Exceptions & File Parsing

Thomas J. Kennedy

Contents:

1 A Less Than Cliché Problem

Suppose that we have an input file that contains information about two-dimensional shapes.

Example 1: inputShapes.txt
Triangle; 4 4 4
Right Triangle; 4 5
Right Triangle; 4 five
Equilateral Triangle; 3
Equilateral Triangle 3
Equilateral Triangle; 3 3 3

Square; 9
Circle; 5
1337 Haxor; 1 lol i broke it
Ellipse;

Let us write a quick program to parse the file.

from typing import TextIO
import sys


def parse_shape_file(input_file: TextIO) -> list[tuple[str, list[float]]]:

    for line in input_file:
        # Remove leading and trailing whitespace
        line = line.strip()

        if not line:
            continue

        print(line)

    return []


def main():

    with open(sys.argv[1], "r") as shape_file:
        shape_data = parse_shape_file(shape_file)

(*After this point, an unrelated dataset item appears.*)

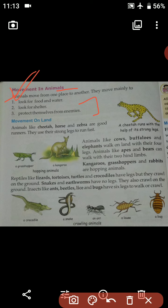Number two: to look for shelter. Shelter is also very important, so in order to search for shelter, animals also move from one place to another. Number three, the last reason: to protect themselves from enemies. Just as we are scared of certain animals, animals are also scared of many things, so in order to protect themselves from enemies, they move from place to place.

if __name__ == "__main__":
    main()

Take note of how the main function retrieves the input filename from sys.argv[1]. I am not happy with the current main function…

def main():

    with open(sys.argv[1], "r") as shape_file:
        shape_data = parse_shape_file(shape_file)

If the user…

  1. Supplies an invalid filename (e.g., to a file that does not exist), we will encounter a FileNotFound exception.

  2. Does not supply a filename, we encounter an IndexError exception. will encounter a FileNotFound exception.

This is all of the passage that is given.